Watch Alastair Cook’s brand new film, three years in the making, with new writing by twenty of the world’s best poets, sountracked by composer Luca Nasciutia and read by poet Rachel McCrum – screens worldwide from Autumn 2016. New ekphrasis work by poets John Glenday, Vicki Feaver, Stevie Ronnie, Janie McKie, Brian Johnstone, Jo Bell, Andrew Philip, Linda France, Dave Bonta, Angela Readman, Michael Vandebril, Gerard Rudolf, George Szirtes, Emily Dodd, Ian Duhig, Rachel McCrum, Robert Peake, Polly Rowena Atkin, Pippa Little and Vona Groarke.

This was originally planned as Filmpoem 40, but got delayed for a number of reasons, during which I believe the concept changed and matured a bit.

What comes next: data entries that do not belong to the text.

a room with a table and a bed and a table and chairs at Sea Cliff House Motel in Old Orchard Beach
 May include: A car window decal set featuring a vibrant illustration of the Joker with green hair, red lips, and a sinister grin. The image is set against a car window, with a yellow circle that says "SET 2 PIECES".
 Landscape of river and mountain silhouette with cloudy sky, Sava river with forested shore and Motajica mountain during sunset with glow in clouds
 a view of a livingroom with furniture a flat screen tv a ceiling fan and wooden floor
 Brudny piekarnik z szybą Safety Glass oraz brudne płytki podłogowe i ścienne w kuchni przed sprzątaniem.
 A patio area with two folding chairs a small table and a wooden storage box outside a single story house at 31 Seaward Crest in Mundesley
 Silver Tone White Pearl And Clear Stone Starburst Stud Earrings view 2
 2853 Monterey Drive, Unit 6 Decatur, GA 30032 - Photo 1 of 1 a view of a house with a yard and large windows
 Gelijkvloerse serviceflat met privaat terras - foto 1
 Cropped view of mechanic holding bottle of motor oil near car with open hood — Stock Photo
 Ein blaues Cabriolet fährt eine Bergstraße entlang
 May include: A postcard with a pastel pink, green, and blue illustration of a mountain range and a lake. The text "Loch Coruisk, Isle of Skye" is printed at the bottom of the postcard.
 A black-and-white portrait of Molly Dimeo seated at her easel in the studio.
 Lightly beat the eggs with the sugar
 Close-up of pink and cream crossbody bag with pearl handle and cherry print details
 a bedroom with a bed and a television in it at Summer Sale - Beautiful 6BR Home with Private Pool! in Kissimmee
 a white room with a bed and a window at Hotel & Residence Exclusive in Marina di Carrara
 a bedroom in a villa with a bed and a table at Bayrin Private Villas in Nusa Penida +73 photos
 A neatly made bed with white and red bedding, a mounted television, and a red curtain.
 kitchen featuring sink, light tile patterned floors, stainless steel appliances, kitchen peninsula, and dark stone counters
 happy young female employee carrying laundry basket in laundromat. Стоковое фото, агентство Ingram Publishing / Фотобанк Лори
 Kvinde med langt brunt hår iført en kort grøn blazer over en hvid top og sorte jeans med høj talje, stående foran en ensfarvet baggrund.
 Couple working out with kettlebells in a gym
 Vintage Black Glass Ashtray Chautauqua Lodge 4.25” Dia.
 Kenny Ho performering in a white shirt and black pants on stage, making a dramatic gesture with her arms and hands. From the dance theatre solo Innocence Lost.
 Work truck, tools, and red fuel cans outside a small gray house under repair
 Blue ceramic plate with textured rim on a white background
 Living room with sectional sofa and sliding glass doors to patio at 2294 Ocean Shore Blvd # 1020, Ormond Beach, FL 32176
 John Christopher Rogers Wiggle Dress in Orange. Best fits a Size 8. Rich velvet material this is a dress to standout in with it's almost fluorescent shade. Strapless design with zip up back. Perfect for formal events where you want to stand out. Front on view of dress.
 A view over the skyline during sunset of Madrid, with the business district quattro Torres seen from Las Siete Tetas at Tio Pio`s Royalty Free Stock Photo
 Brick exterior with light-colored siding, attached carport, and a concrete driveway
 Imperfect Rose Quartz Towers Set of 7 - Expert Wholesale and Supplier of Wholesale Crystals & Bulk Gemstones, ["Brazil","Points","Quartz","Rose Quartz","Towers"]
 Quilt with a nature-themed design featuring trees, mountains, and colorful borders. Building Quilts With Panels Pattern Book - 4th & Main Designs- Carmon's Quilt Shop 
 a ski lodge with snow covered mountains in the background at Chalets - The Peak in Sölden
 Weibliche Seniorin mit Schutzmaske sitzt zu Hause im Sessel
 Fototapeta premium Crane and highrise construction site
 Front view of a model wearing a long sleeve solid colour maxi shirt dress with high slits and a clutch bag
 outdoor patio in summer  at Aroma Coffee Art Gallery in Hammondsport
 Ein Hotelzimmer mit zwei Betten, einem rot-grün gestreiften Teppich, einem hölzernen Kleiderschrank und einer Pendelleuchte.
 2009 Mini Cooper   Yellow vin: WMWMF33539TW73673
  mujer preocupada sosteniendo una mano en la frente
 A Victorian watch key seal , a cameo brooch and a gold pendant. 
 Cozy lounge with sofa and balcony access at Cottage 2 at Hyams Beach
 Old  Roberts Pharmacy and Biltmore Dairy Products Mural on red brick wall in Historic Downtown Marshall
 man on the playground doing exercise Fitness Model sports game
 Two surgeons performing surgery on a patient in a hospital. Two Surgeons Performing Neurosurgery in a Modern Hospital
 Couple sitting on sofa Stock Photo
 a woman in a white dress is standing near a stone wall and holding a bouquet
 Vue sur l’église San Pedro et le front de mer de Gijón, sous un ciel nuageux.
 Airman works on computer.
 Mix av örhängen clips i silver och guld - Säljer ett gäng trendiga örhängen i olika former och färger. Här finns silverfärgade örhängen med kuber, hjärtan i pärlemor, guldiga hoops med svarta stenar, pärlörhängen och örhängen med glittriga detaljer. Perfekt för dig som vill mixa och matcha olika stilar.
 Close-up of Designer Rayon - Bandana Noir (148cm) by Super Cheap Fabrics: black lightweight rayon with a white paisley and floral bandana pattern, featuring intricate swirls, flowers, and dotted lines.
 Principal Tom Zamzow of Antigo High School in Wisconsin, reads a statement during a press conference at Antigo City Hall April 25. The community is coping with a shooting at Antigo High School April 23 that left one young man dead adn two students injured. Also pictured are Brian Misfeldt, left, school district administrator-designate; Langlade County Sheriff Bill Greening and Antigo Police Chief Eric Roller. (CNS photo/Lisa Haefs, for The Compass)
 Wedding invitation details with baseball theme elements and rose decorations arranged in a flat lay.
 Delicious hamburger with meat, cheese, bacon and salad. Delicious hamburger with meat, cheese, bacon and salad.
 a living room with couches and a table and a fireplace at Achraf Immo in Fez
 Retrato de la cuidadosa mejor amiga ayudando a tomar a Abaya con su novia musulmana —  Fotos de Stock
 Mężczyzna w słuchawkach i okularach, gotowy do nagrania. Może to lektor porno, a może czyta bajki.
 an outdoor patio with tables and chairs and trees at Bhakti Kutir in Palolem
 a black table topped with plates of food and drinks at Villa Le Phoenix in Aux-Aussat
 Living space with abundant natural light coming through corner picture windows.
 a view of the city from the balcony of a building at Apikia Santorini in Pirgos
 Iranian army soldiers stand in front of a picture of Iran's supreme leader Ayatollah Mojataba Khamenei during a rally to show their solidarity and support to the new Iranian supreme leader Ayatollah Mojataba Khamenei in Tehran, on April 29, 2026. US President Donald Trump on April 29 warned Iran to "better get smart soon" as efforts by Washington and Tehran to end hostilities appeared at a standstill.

I list Alastair as the chief poet here because it was his concept from start to finish, and he edited and moved around the submissions after they all came in. The decision to have a single narrator was, I think, a good one, but it’s amazing how well the conjoined text holds together on its own. Clearly, this is an approach to filmpoetry/videopoetry composition deserving of further experimentation. Alastair had been building on what he learned in making his Twenty Second Filmpoem back in 2012, which also involved 20 poets and some found footage.

In other Filmpoem-related news, I see that there will be a fourth Filmpoem Festival, or series of festivals, dubbed Filmpoem Sixteen, though it doesn’t sound as if we can expect an open call:

Filmpoem Sixteen will focus on a series of invited curated events. The first of these is at the Hauge Centre in Ulvik in Norway, where Alastair is artist in residence in May. Alastair has directed The Sword, a new film working with Hauge’s incredible landscape poetry, alongside readings by John Glenday, cinematography by James Norton and sound by Luca Nasciuti; the film will premier on May 12th. Alongside this new film, the Hauge Centre will screen a Scottih retrospective of Alastair’s work and selected works by others from the Filmpoem Festival submission archive.

Check back for further announcements as our new director Helmie Stil brings her own flavour to Filmpoem.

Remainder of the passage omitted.